● **PROBLEM**
Copy exactly the lines from the one containing "David Younan, DDS: Long" through the last line of the records below, both included, and leave out the pictures.

● **INPUT**

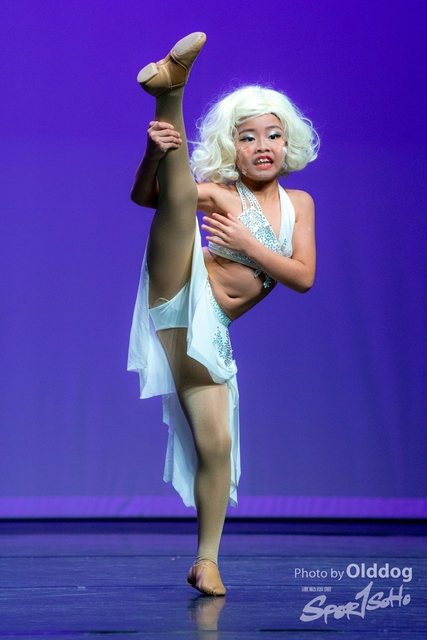 SoloDance-554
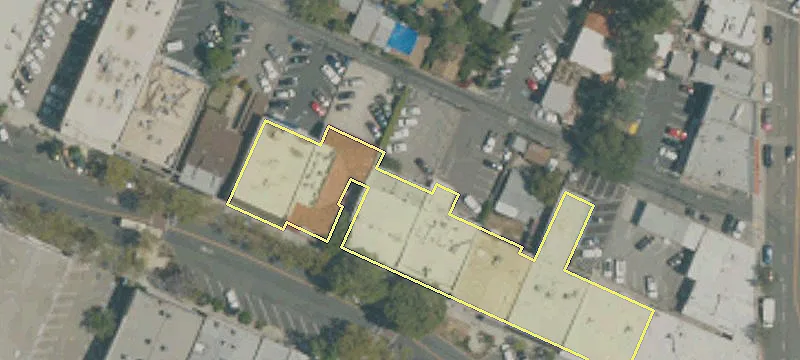 2327 Honolulu Ave
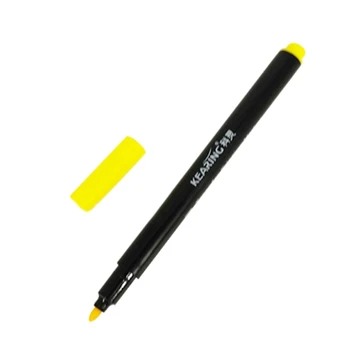 Ручка с неплавящимися чернилами для сублимации, маркер с неплавящимися чернилами для cricut Maker N58E Изображение 2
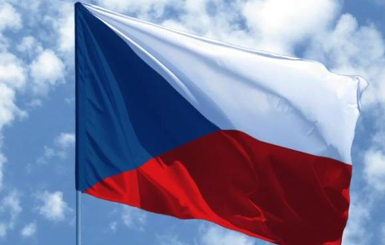 Скандал продолжается: Чехия вышлет 70 сотрудников посольства РФ в Праге, останется 5 дипломатов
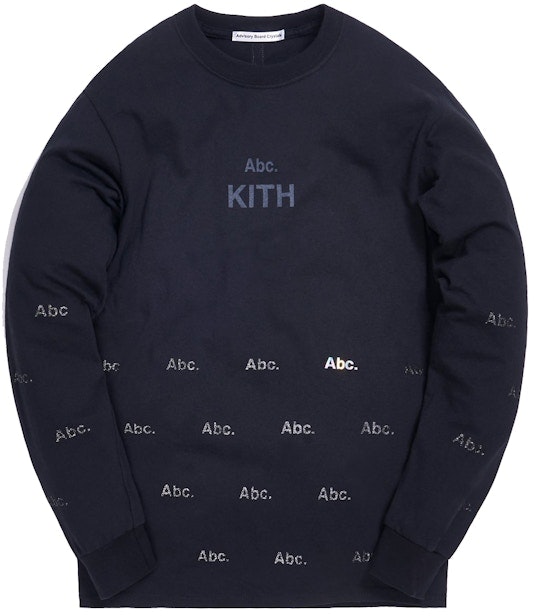 kith-x-advisory-board-crystals-diagram-l-s-tee-black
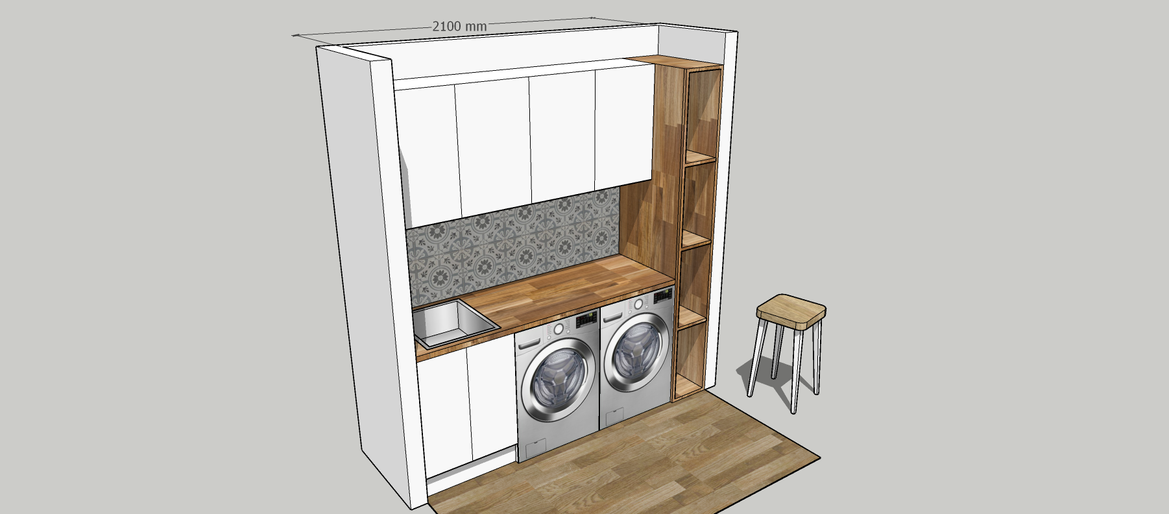 finnys laundry 2.png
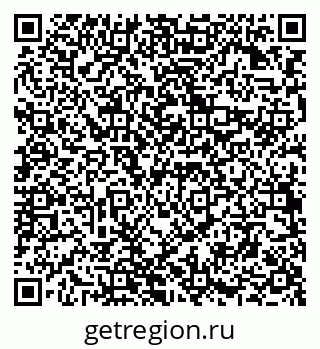 79294971624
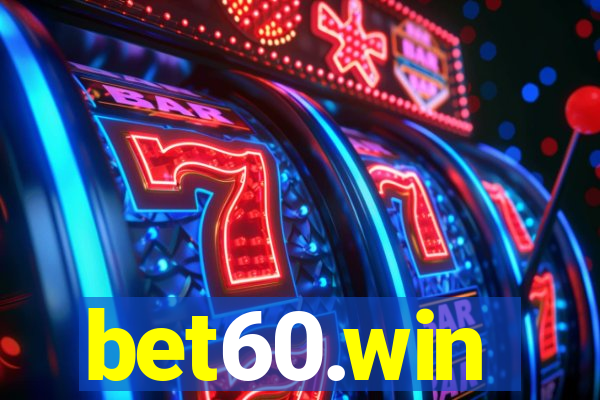 bet60.win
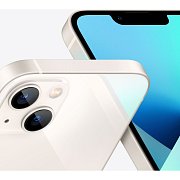 IPhone 13 256GB Starlight APPLE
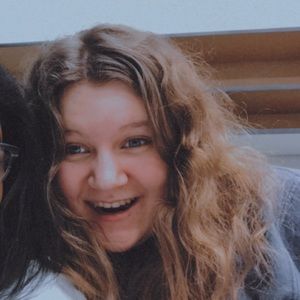 Meet your Posher, Sarah cate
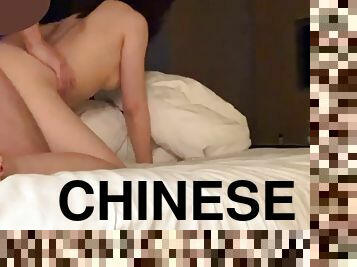 isteri, jenis-pornografi-milf, cina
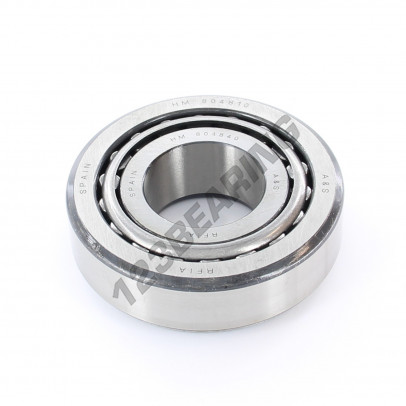 HM804840-HM804810-ASFERSA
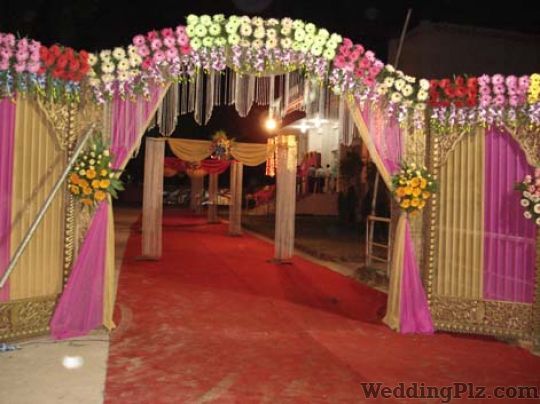 Samavar Hall Banquets weddingplz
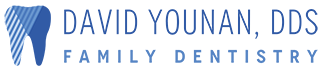 David Younan, DDS: Long Beach Dental Wellness image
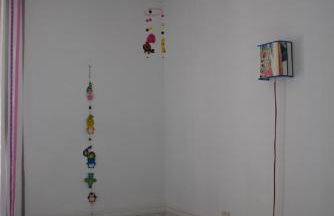 Le gîte clos Monade - Foto 5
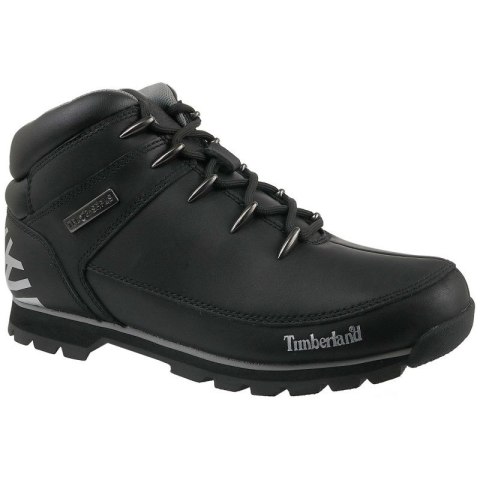 Buty Timberland Euro Sprint Hiker M A17JR 46 Buty Timberland Euro Sprint Hiker M A17JR 46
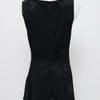 #042 A-list By Swapper Camisole Top Black | c. 203 | Size 8/10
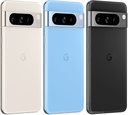 Google Pixel 8 Pro 512GB Smartphone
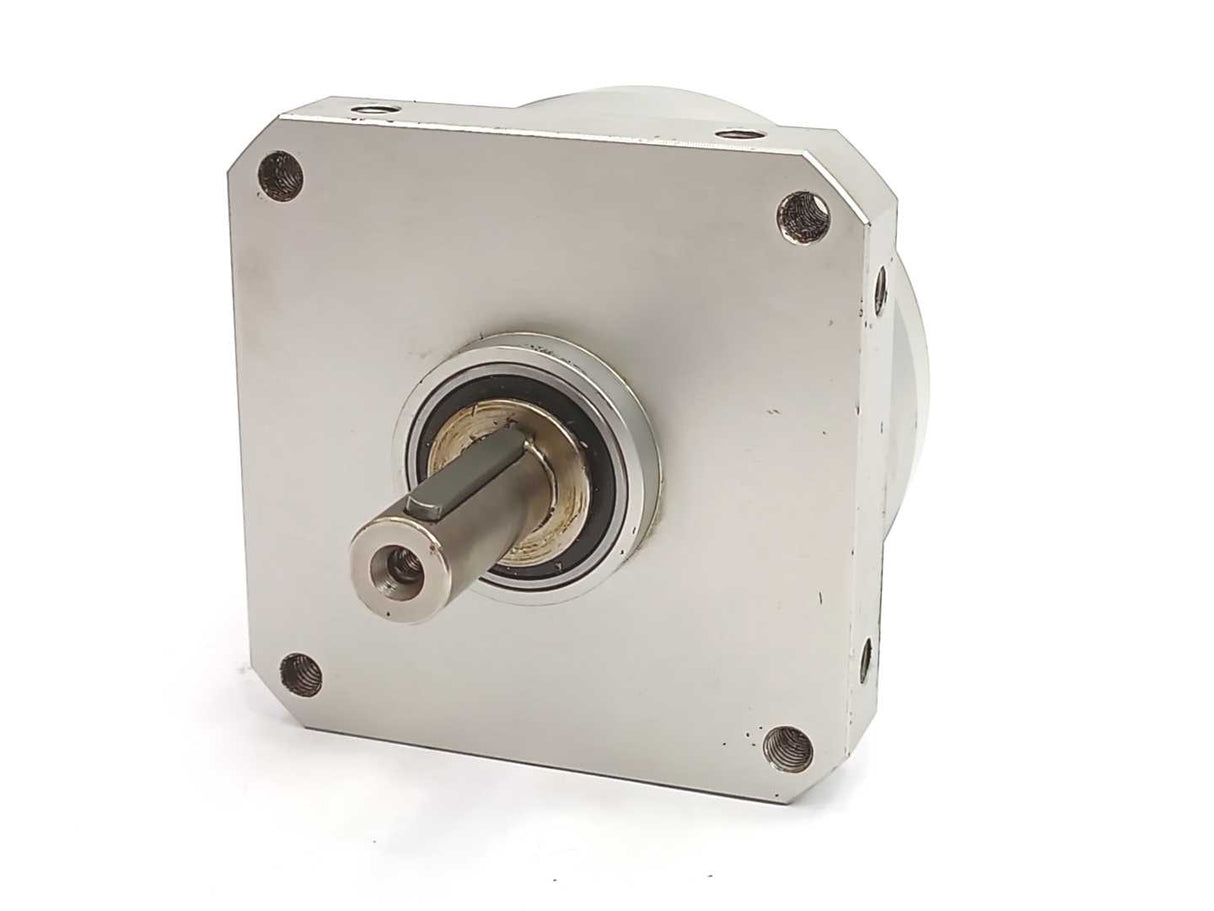 Festo 547582 Semi-rotary drive, DSM-32-270-P-A-B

● **REPLY TO THE TASK**
 David Younan, DDS: Long Beach Dental Wellness image
 Le gîte clos Monade - Foto 5
 Buty Timberland Euro Sprint Hiker M A17JR 46 Buty Timberland Euro Sprint Hiker M A17JR 46
 #042 A-list By Swapper Camisole Top Black | c. 203 | Size 8/10
 Google Pixel 8 Pro 512GB Smartphone
 Festo 547582 Semi-rotary drive, DSM-32-270-P-A-B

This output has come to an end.